──────── DATA RECORDS
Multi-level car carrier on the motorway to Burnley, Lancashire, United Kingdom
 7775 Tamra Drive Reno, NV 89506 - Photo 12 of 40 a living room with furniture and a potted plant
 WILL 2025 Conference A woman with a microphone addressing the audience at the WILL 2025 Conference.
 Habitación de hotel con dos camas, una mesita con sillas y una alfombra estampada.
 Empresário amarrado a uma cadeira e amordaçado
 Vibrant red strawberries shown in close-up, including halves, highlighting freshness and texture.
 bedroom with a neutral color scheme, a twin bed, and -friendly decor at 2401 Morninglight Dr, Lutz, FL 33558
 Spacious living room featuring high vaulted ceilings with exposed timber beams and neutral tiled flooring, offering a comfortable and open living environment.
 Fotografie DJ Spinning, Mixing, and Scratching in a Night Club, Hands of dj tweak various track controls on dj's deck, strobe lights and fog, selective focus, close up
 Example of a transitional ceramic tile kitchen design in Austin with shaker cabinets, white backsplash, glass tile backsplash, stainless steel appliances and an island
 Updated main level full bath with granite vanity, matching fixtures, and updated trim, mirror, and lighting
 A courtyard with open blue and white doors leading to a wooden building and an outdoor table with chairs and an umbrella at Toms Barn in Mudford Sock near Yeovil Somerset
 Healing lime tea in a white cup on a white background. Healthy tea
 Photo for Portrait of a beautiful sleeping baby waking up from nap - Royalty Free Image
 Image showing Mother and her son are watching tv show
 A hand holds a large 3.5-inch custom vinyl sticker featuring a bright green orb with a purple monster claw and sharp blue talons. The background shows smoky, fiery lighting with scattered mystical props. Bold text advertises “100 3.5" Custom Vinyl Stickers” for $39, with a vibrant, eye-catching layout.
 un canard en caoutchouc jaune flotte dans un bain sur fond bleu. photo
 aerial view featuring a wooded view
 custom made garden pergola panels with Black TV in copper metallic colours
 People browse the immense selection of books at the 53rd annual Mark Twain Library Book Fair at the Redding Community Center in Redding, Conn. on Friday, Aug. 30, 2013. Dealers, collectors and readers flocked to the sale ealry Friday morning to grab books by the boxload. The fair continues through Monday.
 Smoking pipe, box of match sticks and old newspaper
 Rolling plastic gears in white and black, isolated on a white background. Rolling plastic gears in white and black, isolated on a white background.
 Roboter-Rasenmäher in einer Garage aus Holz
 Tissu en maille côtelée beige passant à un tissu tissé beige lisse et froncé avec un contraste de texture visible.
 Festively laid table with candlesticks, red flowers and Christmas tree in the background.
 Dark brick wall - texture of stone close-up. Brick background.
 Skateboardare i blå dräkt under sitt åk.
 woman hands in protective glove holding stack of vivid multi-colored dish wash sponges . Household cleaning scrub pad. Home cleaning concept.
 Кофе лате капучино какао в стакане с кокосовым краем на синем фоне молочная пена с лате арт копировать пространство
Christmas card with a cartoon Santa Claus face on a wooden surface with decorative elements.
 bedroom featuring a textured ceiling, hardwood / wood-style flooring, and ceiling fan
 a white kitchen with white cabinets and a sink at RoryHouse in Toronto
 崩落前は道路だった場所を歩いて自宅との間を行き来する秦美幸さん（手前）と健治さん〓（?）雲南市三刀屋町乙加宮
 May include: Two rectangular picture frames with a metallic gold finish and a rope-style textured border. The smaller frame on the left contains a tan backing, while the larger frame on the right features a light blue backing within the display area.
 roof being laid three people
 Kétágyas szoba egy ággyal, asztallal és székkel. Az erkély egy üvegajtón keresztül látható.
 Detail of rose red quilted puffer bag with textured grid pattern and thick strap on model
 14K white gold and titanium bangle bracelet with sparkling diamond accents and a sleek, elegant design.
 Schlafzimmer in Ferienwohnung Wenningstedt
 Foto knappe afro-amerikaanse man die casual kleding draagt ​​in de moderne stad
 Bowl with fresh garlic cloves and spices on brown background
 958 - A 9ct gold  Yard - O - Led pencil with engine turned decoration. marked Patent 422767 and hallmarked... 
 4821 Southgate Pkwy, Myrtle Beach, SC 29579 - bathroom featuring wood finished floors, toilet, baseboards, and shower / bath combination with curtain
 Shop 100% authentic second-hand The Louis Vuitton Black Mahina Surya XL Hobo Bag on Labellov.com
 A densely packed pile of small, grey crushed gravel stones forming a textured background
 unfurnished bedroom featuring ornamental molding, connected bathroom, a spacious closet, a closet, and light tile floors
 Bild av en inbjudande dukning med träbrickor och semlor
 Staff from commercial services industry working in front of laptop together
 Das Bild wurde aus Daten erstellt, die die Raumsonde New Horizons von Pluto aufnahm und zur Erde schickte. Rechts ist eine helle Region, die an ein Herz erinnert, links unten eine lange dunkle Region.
────────────────
**ASSIGNMENT**
Every line of the data should be output exactly as it was given.

**ANSWER TO THIS PROBLEM**
Multi-level car carrier on the motorway to Burnley, Lancashire, United Kingdom
 7775 Tamra Drive Reno, NV 89506 - Photo 12 of 40 a living room with furniture and a potted plant
 WILL 2025 Conference A woman with a microphone addressing the audience at the WILL 2025 Conference.
 Habitación de hotel con dos camas, una mesita con sillas y una alfombra estampada.
 Empresário amarrado a uma cadeira e amordaçado
 Vibrant red strawberries shown in close-up, including halves, highlighting freshness and texture.
 bedroom with a neutral color scheme, a twin bed, and -friendly decor at 2401 Morninglight Dr, Lutz, FL 33558
 Spacious living room featuring high vaulted ceilings with exposed timber beams and neutral tiled flooring, offering a comfortable and open living environment.
 Fotografie DJ Spinning, Mixing, and Scratching in a Night Club, Hands of dj tweak various track controls on dj's deck, strobe lights and fog, selective focus, close up
 Example of a transitional ceramic tile kitchen design in Austin with shaker cabinets, white backsplash, glass tile backsplash, stainless steel appliances and an island
 Updated main level full bath with granite vanity, matching fixtures, and updated trim, mirror, and lighting
 A courtyard with open blue and white doors leading to a wooden building and an outdoor table with chairs and an umbrella at Toms Barn in Mudford Sock near Yeovil Somerset
 Healing lime tea in a white cup on a white background. Healthy tea
 Photo for Portrait of a beautiful sleeping baby waking up from nap - Royalty Free Image
 Image showing Mother and her son are watching tv show
 A hand holds a large 3.5-inch custom vinyl sticker featuring a bright green orb with a purple monster claw and sharp blue talons. The background shows smoky, fiery lighting with scattered mystical props. Bold text advertises “100 3.5" Custom Vinyl Stickers” for $39, with a vibrant, eye-catching layout.
 un canard en caoutchouc jaune flotte dans un bain sur fond bleu. photo
 aerial view featuring a wooded view
 custom made garden pergola panels with Black TV in copper metallic colours
 People browse the immense selection of books at the 53rd annual Mark Twain Library Book Fair at the Redding Community Center in Redding, Conn. on Friday, Aug. 30, 2013. Dealers, collectors and readers flocked to the sale ealry Friday morning to grab books by the boxload. The fair continues through Monday.
 Smoking pipe, box of match sticks and old newspaper
 Rolling plastic gears in white and black, isolated on a white background. Rolling plastic gears in white and black, isolated on a white background.
 Roboter-Rasenmäher in einer Garage aus Holz
 Tissu en maille côtelée beige passant à un tissu tissé beige lisse et froncé avec un contraste de texture visible.
 Festively laid table with candlesticks, red flowers and Christmas tree in the background.
 Dark brick wall - texture of stone close-up. Brick background.
 Skateboardare i blå dräkt under sitt åk.
 woman hands in protective glove holding stack of vivid multi-colored dish wash sponges . Household cleaning scrub pad. Home cleaning concept.
 Кофе лате капучино какао в стакане с кокосовым краем на синем фоне молочная пена с лате арт копировать пространство
Christmas card with a cartoon Santa Claus face on a wooden surface with decorative elements.
 bedroom featuring a textured ceiling, hardwood / wood-style flooring, and ceiling fan
 a white kitchen with white cabinets and a sink at RoryHouse in Toronto
 崩落前は道路だった場所を歩いて自宅との間を行き来する秦美幸さん（手前）と健治さん〓（?）雲南市三刀屋町乙加宮
 May include: Two rectangular picture frames with a metallic gold finish and a rope-style textured border. The smaller frame on the left contains a tan backing, while the larger frame on the right features a light blue backing within the display area.
 roof being laid three people
 Kétágyas szoba egy ággyal, asztallal és székkel. Az erkély egy üvegajtón keresztül látható.
 Detail of rose red quilted puffer bag with textured grid pattern and thick strap on model
 14K white gold and titanium bangle bracelet with sparkling diamond accents and a sleek, elegant design.
 Schlafzimmer in Ferienwohnung Wenningstedt
 Foto knappe afro-amerikaanse man die casual kleding draagt ​​in de moderne stad
 Bowl with fresh garlic cloves and spices on brown background
 958 - A 9ct gold  Yard - O - Led pencil with engine turned decoration. marked Patent 422767 and hallmarked... 
 4821 Southgate Pkwy, Myrtle Beach, SC 29579 - bathroom featuring wood finished floors, toilet, baseboards, and shower / bath combination with curtain
 Shop 100% authentic second-hand The Louis Vuitton Black Mahina Surya XL Hobo Bag on Labellov.com
 A densely packed pile of small, grey crushed gravel stones forming a textured background
 unfurnished bedroom featuring ornamental molding, connected bathroom, a spacious closet, a closet, and light tile floors
 Bild av en inbjudande dukning med träbrickor och semlor
 Staff from commercial services industry working in front of laptop together
 Das Bild wurde aus Daten erstellt, die die Raumsonde New Horizons von Pluto aufnahm und zur Erde schickte. Rechts ist eine helle Region, die an ein Herz erinnert, links unten eine lange dunkle Region.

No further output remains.